I'm looking for a solution that could read unstructured data but not into memory yet, I will pick specific inline_number and crossline_number to read into RAM.

Thanks.

JintaoLee-Roger commented 3 months ago

Hi, I just scan the SEG-Y file, and obtain some geometric information. So, in your case, d is not in RAM.

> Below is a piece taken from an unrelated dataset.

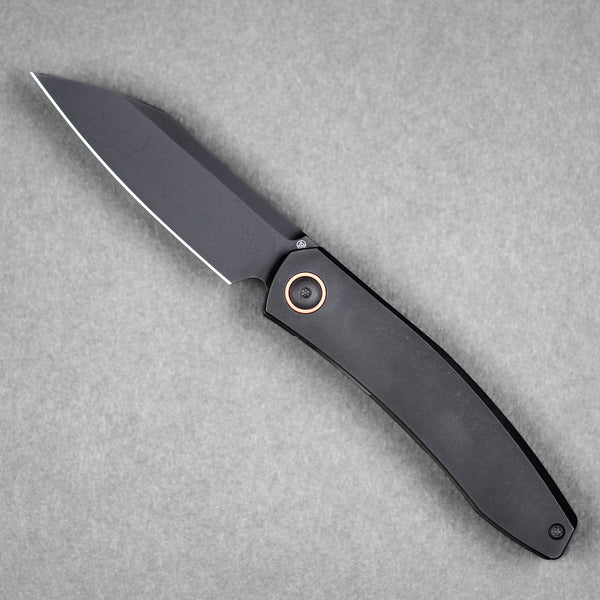 Drop Date (07/22): URBAN Chimarra - Blackwashed Magnacut & Blackwashed Titanium w/ Copper Pivot Collar & Backspacer - URBAN EDC®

Why can use d.min() and d.max()?

See this: segynp

sx.min(), sx.max()
# get the min and max value, but they are evaluated from a part of data,
# so they may not be the real min and max value

The minimum and maximum values are not the real values. When d is instantiated, I read 12000 traces (4000 in the front, 4000 in the middle, and 4000 in the last) to calculate min() and max(). You can see here: https://github.com/JintaoLee-Roger/cigsegy/blob/1e0a1c5c6a5ecb8df8880800bfdf2df28c1562f0/python/segynp.py#L80

JintaoLee-Roger commented 3 months ago

Since we're not reading the data into memory, reading the time slices will be slower.

>>> d[30] # fast 
>>> d[:, 30, :]
>>> d[:, :, 30] # slow
FJGEODEV commented 3 months ago

Thanks for your reply. You are right, I missed the eval_range part.